Efficiency: 2D-list to dictionary in python

Question

I have a 2D-list.

l = [[100, 1], [43, 2], [201, 1], [5, 7], ...]

I want to convert the list into a dictionary where the second element serves as key. The value of each key should be a list of all first elements, that have the key as second element. The dictionary for this sample list should look like that:

{
    1: [100, 201],
    2: [43],
    7: [5],
    ...
}

I have two solutions for this conversion. Which one of them is more efficient and why? Also: Is there another more efficient solution?

Solution1:

d = {}
for elem in l:
    if elem[1] in d:
        d[elem[1]].append(elem[0])
    else:
        d[elem[1]] = [elem[0]]

Solution2:

d = {}

for elem in l:
    d[elem[1]] = []

for elem in l:
    d[elem[1]].append(elem[0])

Answer 1

There's nothing wrong with you're two solutions, they're fine and efficient:

1. Solution 1 iterates the list once, but performs a dictionary look up twice. Since this is about O(1), and you have 2, I would say this is 2xN.
2. Solution 2 iterates the list twice, with one lookup each time - again 2xN.
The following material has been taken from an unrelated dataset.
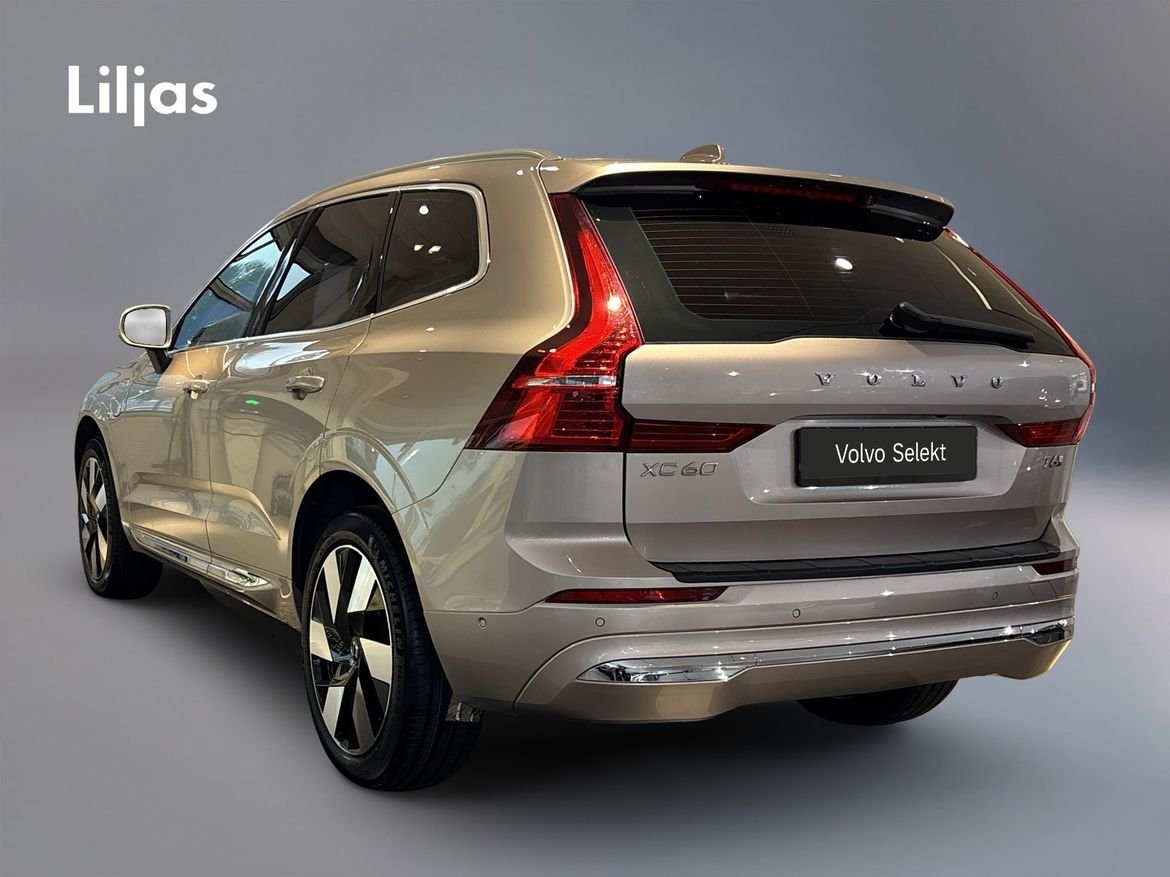 Volvo XC60 T6 Plus Bright 2025, bild 4/13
From a theoretical perspective these are identical. Run time I would wager they are very close as well. A more pythonic way (asking for forgiveness rather than permission ,thanks @tobias_k) that may improve the first solution is:

d = {}
for elem in l:
    try:
        d[elem[1]].append(elem[0])
    except KeyError:
        d[elem[1]] = [elem[0]]

If you have many repeating keys, this would be better, since the overhead of an exception would be much smaller than all the ifs (and only one lookup), so this would depend on the actual list in question. If you go for this solution you may want to read up on a defaultdict.

Some new info

My guess was wrong! even though theoretically they are the same, and it seems like the amount of operations are the same, there is a difference. I'm guessing this has to do with Python's ability to optimize if statements.

Marking your first method a, your second one b, and the one I provided c, using the timeit module I timed these methods for two lists:

l1=[(x,y) for x,y in zip(range(1000),range(1000,2000)]
l1=[(x,2) for x,y in range(1000)]

Results for l1:

Method a is fastest. 30% slower is b, and another 30% from that is c.

Results for l2:

Methods a and b are nearly identical (a still a bit faster), and c is a bit faster than both (which we expected).

I would say for practical purposes the first version is better than the second, but the 3d would be best if you have a lot of repeating keys. bottom line, theory is all well and good, but the best method practically is list dependent.

Answer 2

The 1st Solution is more efficient as it takes O(n) time to complete: The if statement is O(1) since dictionary lookup is O(1).

The 2nd Solution is also O(n) but it runs twice, so O(n+n).

And in the 1st Solution, you could skip the if statement and directly append the elem[0], and add a try except block.